マリアに聖霊が降り、彼女がいと高き方の力に包まれ、イエスを身ごもったように、私たちは、聖霊の養成を受け、イエス・キリストの世界観を身に着けるのである。マリアは、ザカリアの家でエリザベトの言葉に次のように応えた。 

「わたしの魂は主をあがめ、わたしの霊は救い主である神を喜びたたえます。身分の低い、この主のはしためにも目を留めてくださったからです。今から後、いつの世の人もわたしを幸いな者と言うでしょう、力ある方が、わたしに偉大なことをなさいましたから。その御名は尊く、その憐れみは代々に限りなく、主を畏れる者に及びます。」(ルカ1:46~50)。 
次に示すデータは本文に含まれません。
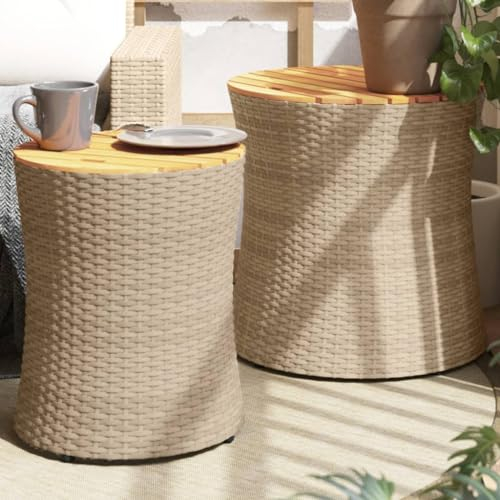 Keyroto Garten-Beistelltische 2 STK. mit Holzplatte Beige Poly Rattan,Ratten Beistelltisch, Runder Gartentisch,Kleiner Beistelltisch,Couchtisch,Kaffeetisch für Wohnzimmer Garten Balkon Outdoor
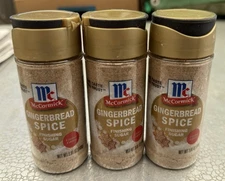 (3) McCormick GINGERBREAD SPICE Finishing Sugar For Christmas Cookies 3.81oz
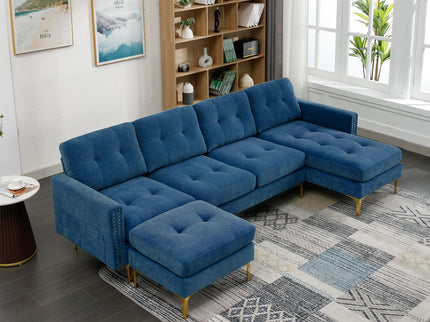 Modern L - Shape Convertible Sectional Sofa With Movable Ottoman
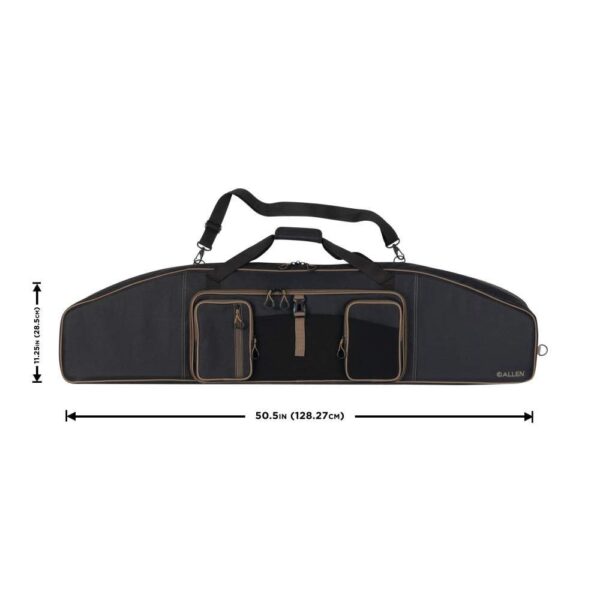 A sleek black and brown detailing gun case with a shoulder strap and various pockets, measuring 50.5 inches in length and 12.5 inches in height.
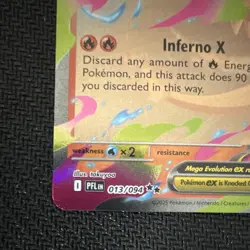 Pokemon TCG Mega Charizard X Ex 013/094 Me02 Holo Full Art 360HP Eng - Image 5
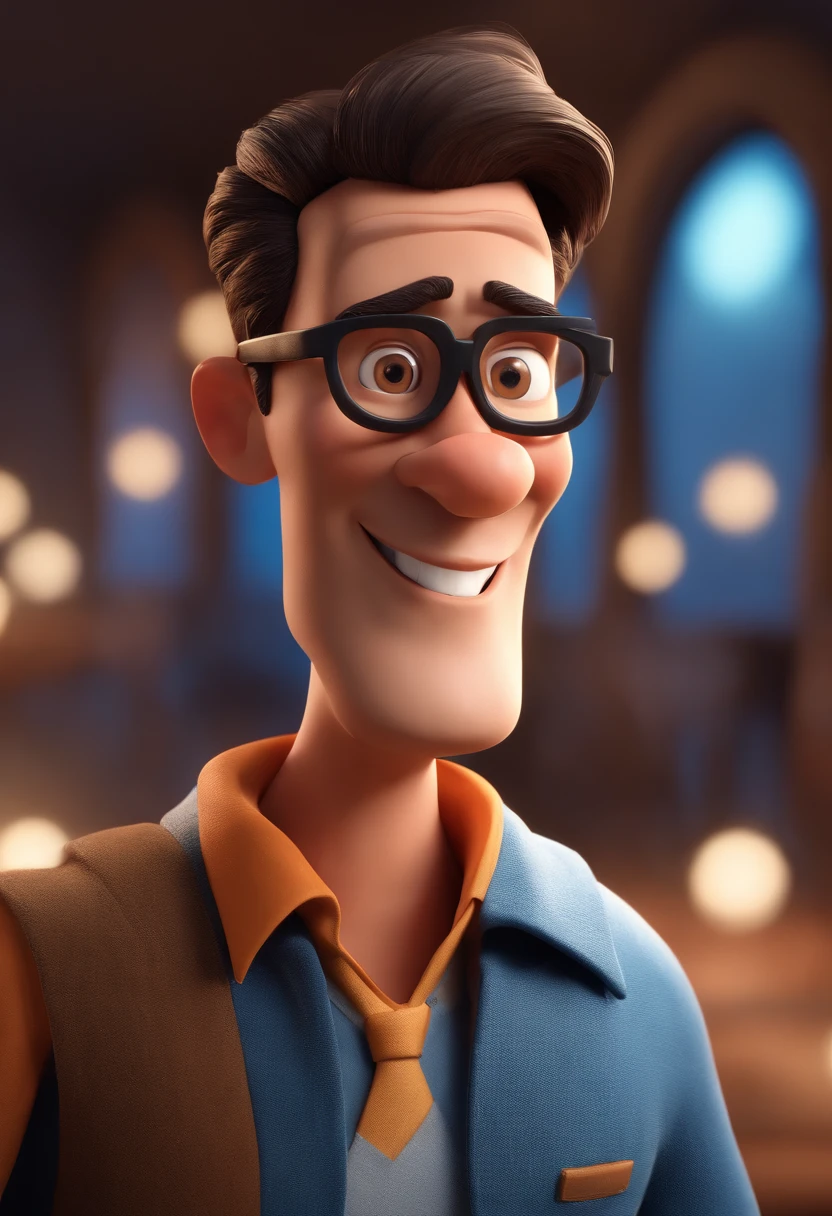 Cartoon character of a man with black glasses and a blue shirt, animation character, Caractere estilizado, animation style rendering, 3D estilizado, Arnold Maya render, 3 d render stylized, toon render keyshot, Personagem 3D, Personagem 3D, 3d rendering stylized, 3 d character render, personagem de desenho animado, Personagem de close up, Pose de personagem, (Estilo Pixar) (master part:1.2) (Bokeh) (best quality) (pele detalhada) (textura detalhada) (8k) (argila) (Cinematic lighting) (foco nítido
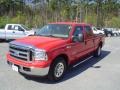 2006 Red Clearcoat Ford F250 Super Duty XLT Crew Cab  photo #1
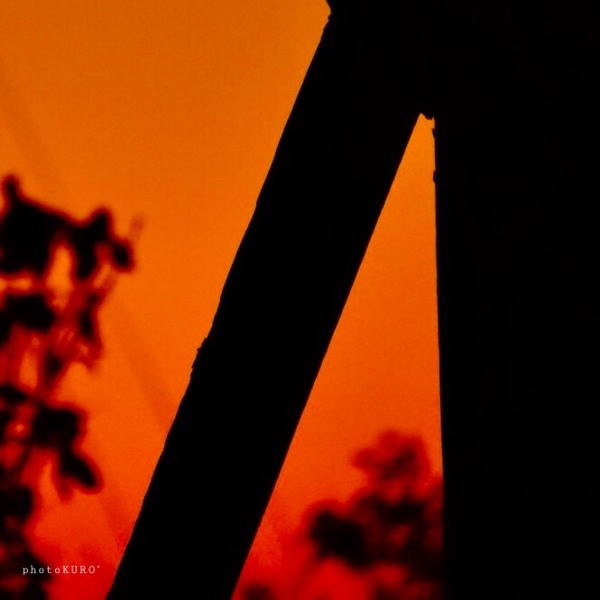 No, this is a photo of ruins with the sunset in the background.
やがて私たちもマリアのように、自分の魂と霊が共に主をあがめ、神を喜びたたえる幸いを得るようになるのである。マリアは、イエス・キリストに似た者として生きるキリスト者の初めであり、私たち教会の母である。 

つづく 

Maria K. M.


 2024/05/13


143. 情報と悪霊(汚れた霊)

情報という言葉が生まれ、情報が人の外に存在するものとして、いわば見えるようになって、私たちはやっと、黙示録に、「この巨大な竜、年を経た蛇、悪魔とかサタンとか呼ばれるもの、全人類を惑わす者は、投げ落とされた。地上に投げ落とされたのである。その使いたちも、もろともに投げ落とされた。」(黙示録12:9)と書かれたものが、情報であったことに気付いた。 
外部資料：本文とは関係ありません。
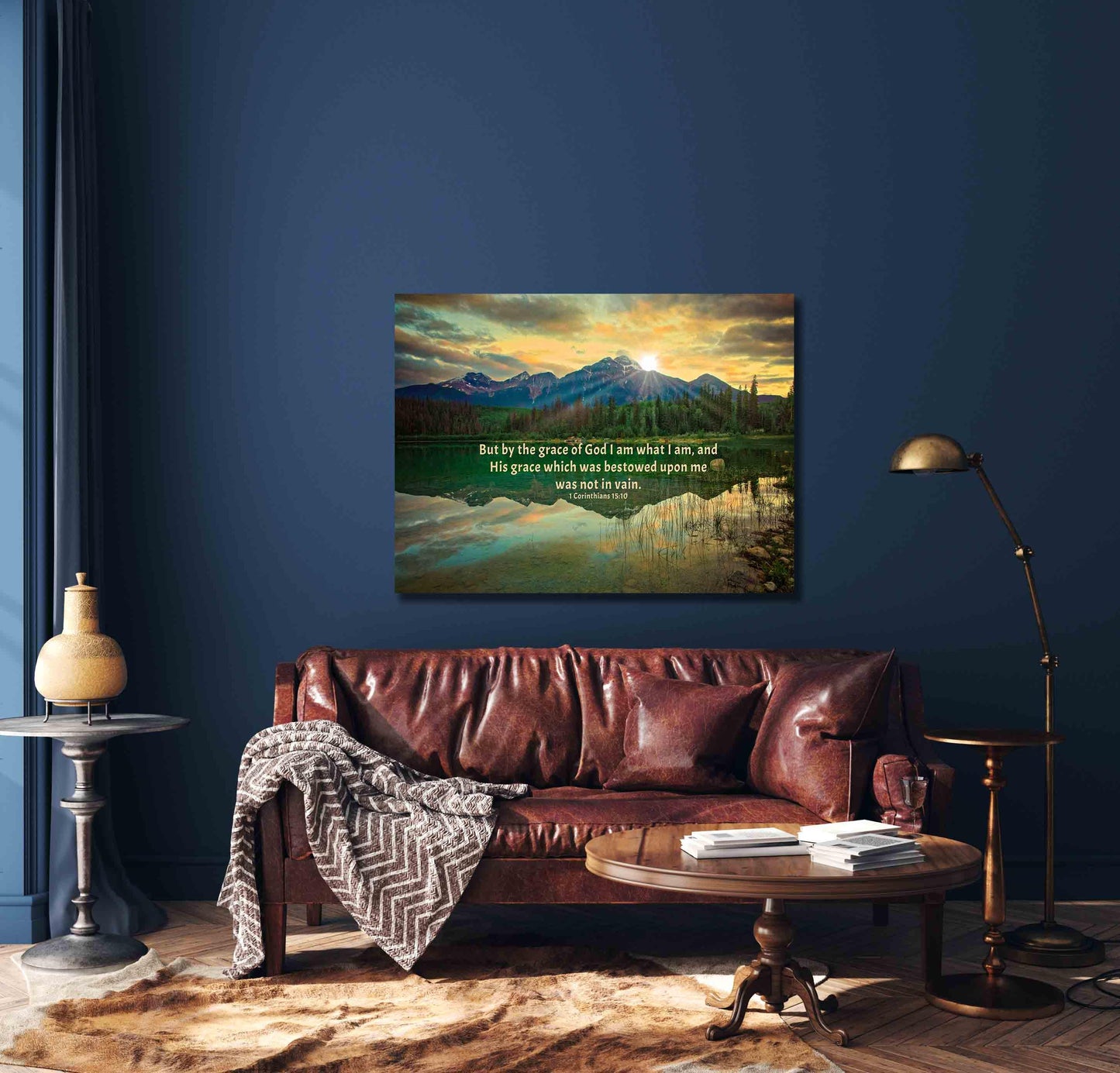 By the Grace of God Bible Verse Photo Canvas, 1 Corinthians 15:11 Christian Scripture Inspirational Wall Art, Canadian Rockies, Jasper Lake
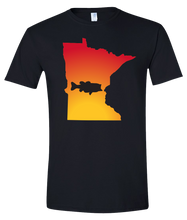 Load image into Gallery viewer, Short Sleeve T-Shirt Minnesota Black Large Mouth Bass Vibrant Design High Quality Tight Knit Ring Spun Low Maintenance Cotton Printed With The Newest Available Color Transfer Technology
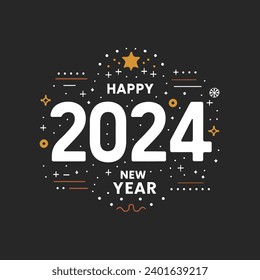 Step into the New Year with chic sophistication. Realistic golden 2024 numbers adorn a stylish black background, complemented by festive confetti. This vector illustration embodies elegance for a jubi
万物は神の言によって創造された。だから被造物は、その初めから情報の塊だと言える。さらに、創造主、すなわち親である神が、父と子と聖霊の三位一体なのであるから、同一種の生き物同士が交われば、その関係性の内に偶発的に情報が発現するのは当然の成り行きなのだ。 

だから、神にかたどり、神に似せて創造された私たちは、まず自分の感覚から記憶に入るありとあらゆる情報のすべてを、すぐに自分の知識とみなさず、ただ情報として区別し、自分自身と切り離しておく習慣が必須だ。それは、この情報の只中で、私たちにアピールする神の仕方を見つけるためだ。 

黙示録には「ヨハネは、神の言葉とイエス・キリストの証し、すなわち、自分が見たすべてを証しした」(黙示録1:2)と書かれている。著者は、「神の言葉とイエス・キリストの証し」を「霊に満たされ」受け取って黙示録を書いた(黙示録1:104:217:321:10参照)。彼が描写した事柄は、すべて神の目から見た事柄である。すなわち、それは、人の情報の中で働く神の姿を描き出しているのだ。新約聖書の内でヨハネの黙示だけに備わっているエクササイズを行うメリットは、ここにある。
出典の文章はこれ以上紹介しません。